Derive the inequality $x<\arcsin \left(x\right)<\frac{x}{\sqrt{1-x^2}}$ I found that I could do this with the Mean Value theorem and also found a similar question here in the stackexchange and Socratic but couldn't solve the right hand side of the inequality.
I figured that by specifically choosing the function and the interval (combinations of the given question) we could prove that. But  I am lost tin selecting the appropriate function.

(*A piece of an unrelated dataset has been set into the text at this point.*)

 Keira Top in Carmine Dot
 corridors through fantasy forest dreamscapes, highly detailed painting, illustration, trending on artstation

Can you guys please suggest some ideas and also some example sums where I could check these kind of sums.
Thanks
 A: Let $f(x)=x-\sin^{-1} x \implies f'(x)=1-\frac{1}{\sqrt{1-x^2}}=\frac{\sqrt{1-x^2}-1}{\sqrt{1-x^2}}<0$
So $f(x)$ is a decreasing function.
$$x\ge 0 \implies f(x)\le f(0) \implies f(x)\le 0$$
Next, we take $g(x)=\sin^{-1} x-\frac{x}{\sqrt{1-x^2}} \implies g'(x)=\frac{-x^2}{\sqrt{1-x^2}}<0.$
So $g(x)$ is decreasing function, then
$$ x \ge 0 \implies g(x)\le g(0)=0 \implies 
\sin^{-1}x \le \frac{x}{\sqrt{1-x^2}}.$$
A: For $|x|<1$,
$$1<\frac1{\sqrt{1-x^2}}<\frac1{(1-x^2)^{3/2}}$$ seems obvious. Then by integration between $0$ and $x$ you get the claimed inequalities.

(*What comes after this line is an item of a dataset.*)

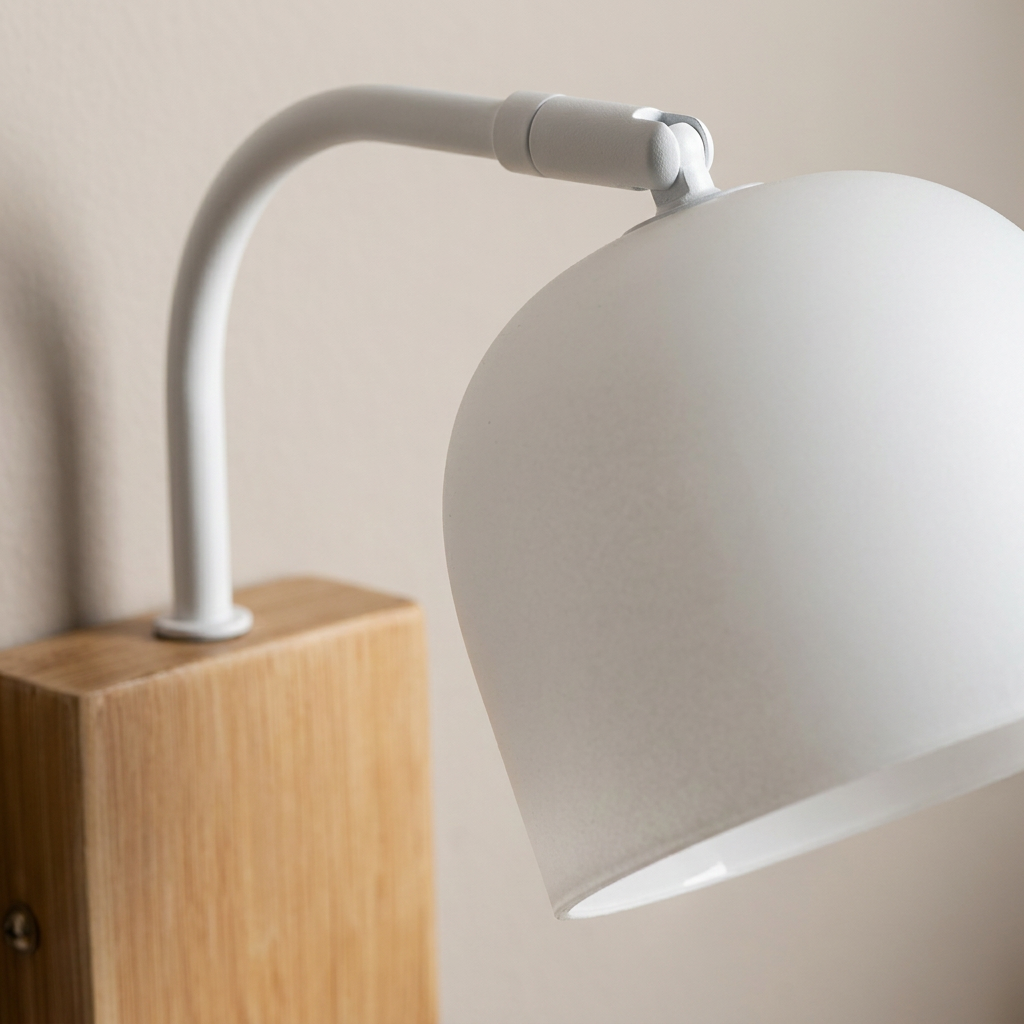 Applique murale acier blanc E27 Rupi — détail de la matière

A: This is pretty standard property of $\arcsin$ which is equivalent to the more famous inequality $\sin x <x<\tan x$ for $x\in(0, \pi/2)$.

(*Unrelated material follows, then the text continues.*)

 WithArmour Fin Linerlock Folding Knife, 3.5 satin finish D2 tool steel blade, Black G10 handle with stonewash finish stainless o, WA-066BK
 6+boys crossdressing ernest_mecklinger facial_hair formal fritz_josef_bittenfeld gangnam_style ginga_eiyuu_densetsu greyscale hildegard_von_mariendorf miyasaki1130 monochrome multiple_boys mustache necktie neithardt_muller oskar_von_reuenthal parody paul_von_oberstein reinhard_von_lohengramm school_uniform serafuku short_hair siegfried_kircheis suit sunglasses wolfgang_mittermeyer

A direct proof can be given by noting that if $x\in(0,1)$ and $t\in(0,x)$ then $$1<\frac{1}{\sqrt{1-t^2}}<\frac{1}{\sqrt{1-x^2}}$$ integrating the above with respect to $t$ on interval $[0,x]$ we get $$x<\arcsin x<\frac{x} {\sqrt{1-x^2}}$$ for all $x\in(0,1)$.
You can avoid integrals and achieve the same result via mean value theorem. If $x\in(0,1)$ then by mean value theorem we have $$\arcsin x=\arcsin x - \arcsin 0=\frac {x}{\sqrt{1-c^2}}$$ for some $c\in(0,x)$. But then we can obviously see that $$1<\frac{1}{\sqrt{1-c^2}}<\frac{1}{\sqrt{1-x^2}}$$ Multiplying by positive $x$ we get $$x<\arcsin x<\frac{x} {\sqrt{1-x^2}}$$